Hintergrund: Bei einer Auflösung einer Personengesellschaft droht ebenso wie beim Ausscheiden eines Gesellschafters eine Aufdeckung der stillen Reserven, d.h. der Differenz zwischen den niedrigeren Buchwerten und den höheren Verkehrswerten. Nach dem Gesetz ist aber eine sog. Realteilung steuerlich unschädlich; hier können die Buchwerte fortgeführt werden.

Sachverhalt: An der A-KG war u.a. der G beteiligt. Er gründete am 16.12.2002 die Z-GmbH & Co. KG und brachte in die Z-GmbH & Co. KG seine Beteiligung an der A-KG ein. Damit war nun die Z-GmbH & Co. KG an der A-KG beteiligt. Am 01.01.2003 schied die Z-GmbH & Co. KG aus der A-KG aus und erhielt verschiedene Wirtschaftsgüter ihres Geschäftsbereichs, die sie weiterhin betrieblich nutzte. Das Finanzamt setzte einen Veräußerungsgewinn des G an und besteuerte die stille Reserven der Wirtschaftsgüter, die die Z-GmbH & Co. KG übernommen hatte.

Entscheidung: Der Bundesfinanzhof (BFH) gab der Klage statt:

  • Ein Veräußerungsgewinn war nicht entstanden, weil es sich um eine steuerlich unschädliche Realteilung handelte. Eine Realteilung ist nicht nur dann möglich, wenn die Personengesellschaft aufgelöst wird, sondern auch dann, wenn ein oder mehrere Gesellschafter ausscheiden und die verbleibenden Gesellschafter die Personengesellschaft fortführen. Nicht erforderlich ist, dass die ausscheidenden Gesellschafter Teilbetriebe erhalten, sondern es genügt, dass sie Einzelwirtschaftsgüter mitnehmen und betrieblich nutzen (z.B. im Rahmen eines neuen Betriebs). Es müssen dann keine stillen Reserven der Einzelwirtschaftsgüter aufgedeckt und versteuert werden.
  • Im Streitfall ist die Z-GmbH & Co. KG als Kommanditistin aus der A-KG ausgeschieden, und die A-KG ist fortgeführt worden. Mangels Auflösung der A-KG spricht man hier von einer unechten Realteilung. Die Z-GmbH & Co. KG hat Einzelwirtschaftsgüter übernommen und diese weiterhin betrieblich genutzt.
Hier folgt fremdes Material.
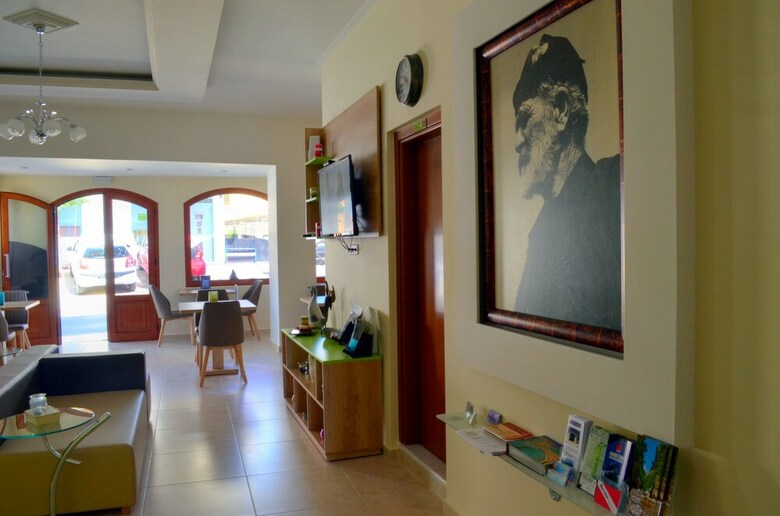 Hotel Minos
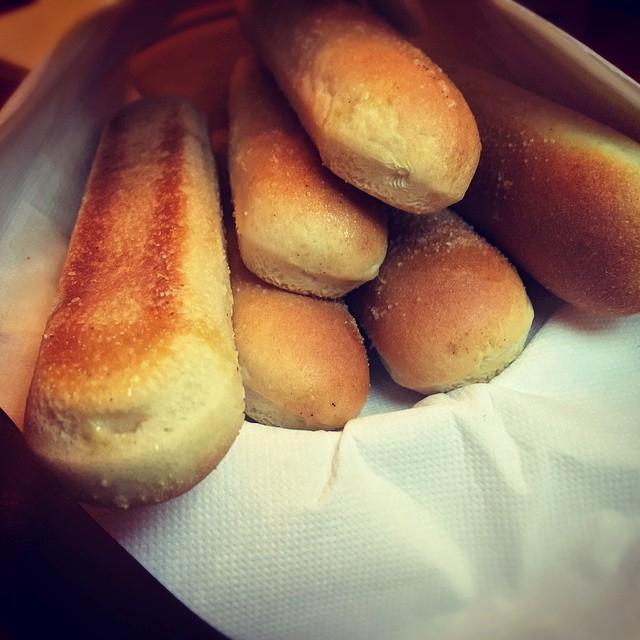 olivegarden's tweet photo. @brettlaboss We just put a new batch in the oven and we're ready for you! #ThoseBreadsticksTho https://t.co/RQpPw4IiQZ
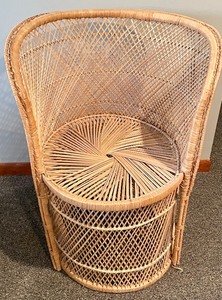 lot 90 image: Wonderful Vintage Wicker Chair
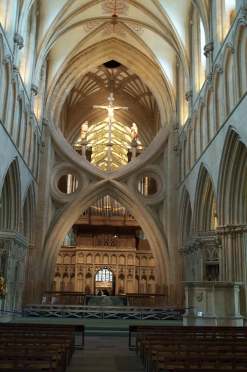 3x4 wells cathedral scissors.jpg (16427 bytes)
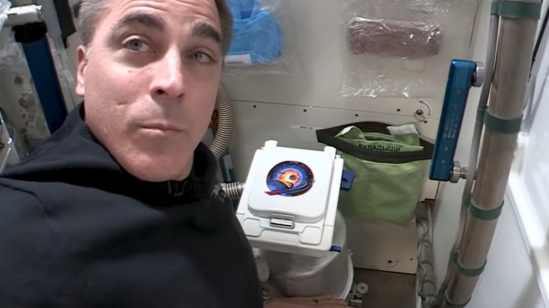 como os astronautas vão ao banheiro?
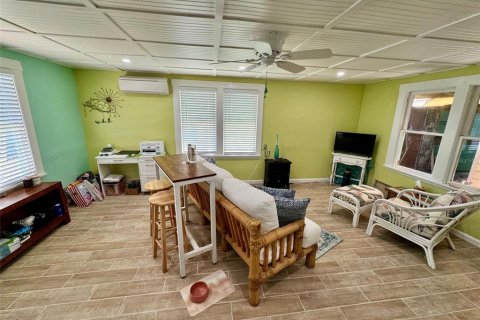 Villa ou maison à vendre à Gulfport, Floride: 1 chambre, 54.81 m2 № 1548196 - photo 9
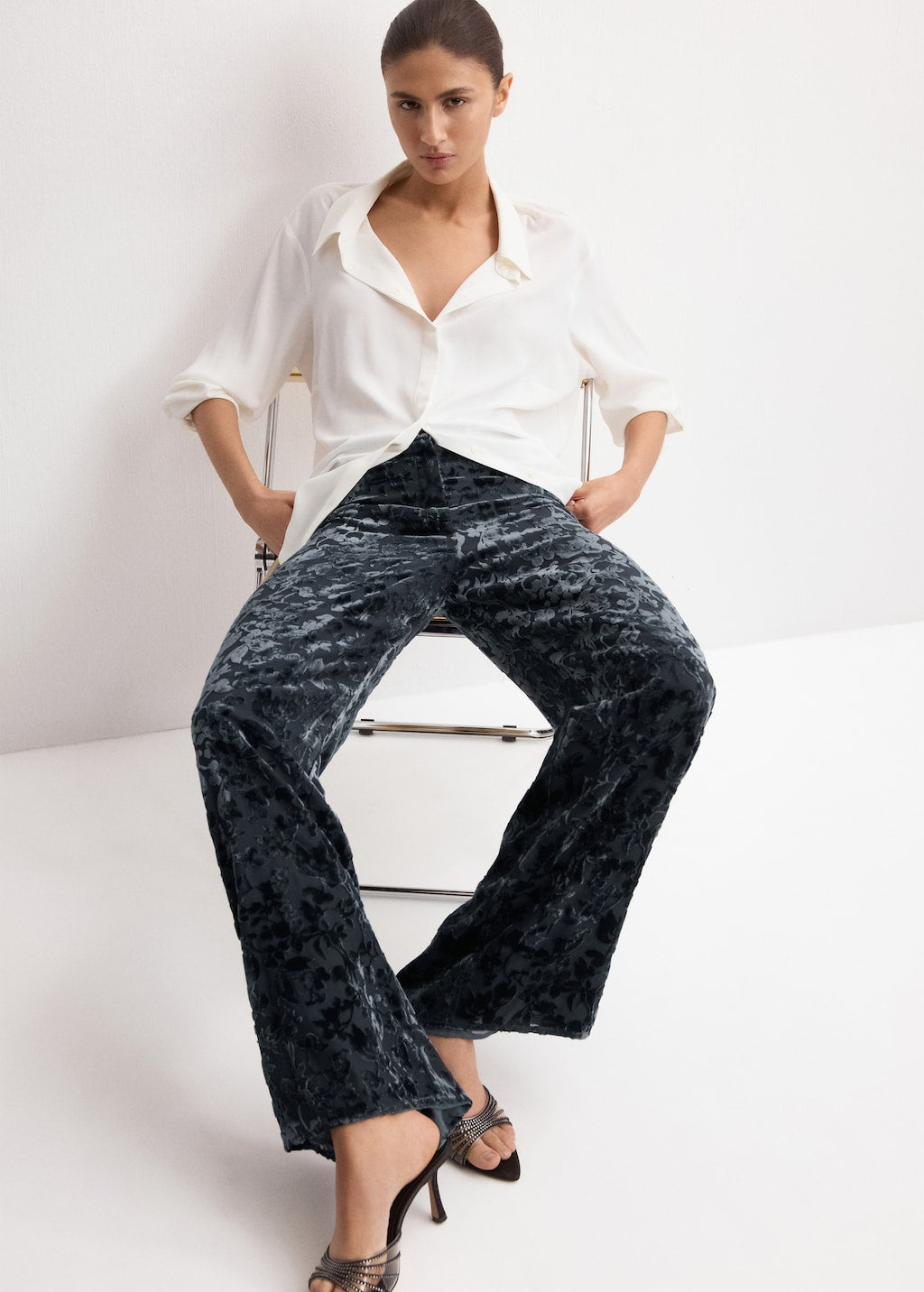 Mango trousers salva in midnight blue - Image 5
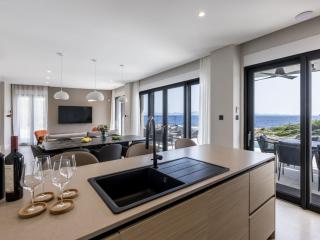 Villa Luxury Villa Mare by Interhome - - 6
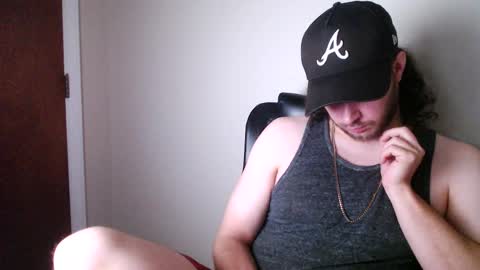 Snapshot of long_18 chatting on 12/18/25, 10:49 Long18 online show from 12/18/25, 10:49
Damit blieben die stillen Reserven dieser Wirtschaftsgüter im Betriebsvermögen und waren auch weiterhin dem Zugriff des Fiskus im Fall einer Veräußerung oder Entnahme unterworfen. Die stillen Reserven mussten daher nicht versteuert werden.

Hinweis: Der BFH bestätigt mit diesem Urteil seine neue Rechtsprechung, nach der eine Realteilung nicht die Auflösung der Personengesellschaft voraussetzt, sondern auch bei einem Ausscheiden eines oder mehrerer Gesellschafter aus der Personengesellschaft möglich ist. Neu ist nun, dass der ausscheidende Gesellschafter nicht zwingend einen Teilbetrieb erhalten muss, sondern auch Einzelwirtschaftsgüter erhalten kann. Dies hatte der BFH bislang offen lassen und widerspricht mit seinem aktuellen Urteil der Finanzverwaltung.

Die Realteilung ermöglicht auch eine Übernahme von Verbindlichkeiten durch den ausscheidenden Gesellschafter. Die Finanzverwaltung sieht hierin zwar ein Teilentgelt und deckt die stillen Reserven der übernommenen Einzelwirtschaftsgüter anteilig auf; nach dem BFH-Urteil ist die Übernahme der Verbindlichkeit jedoch steuerlich neutral, weil sie im Rahmen einer Realteilung erfolgt.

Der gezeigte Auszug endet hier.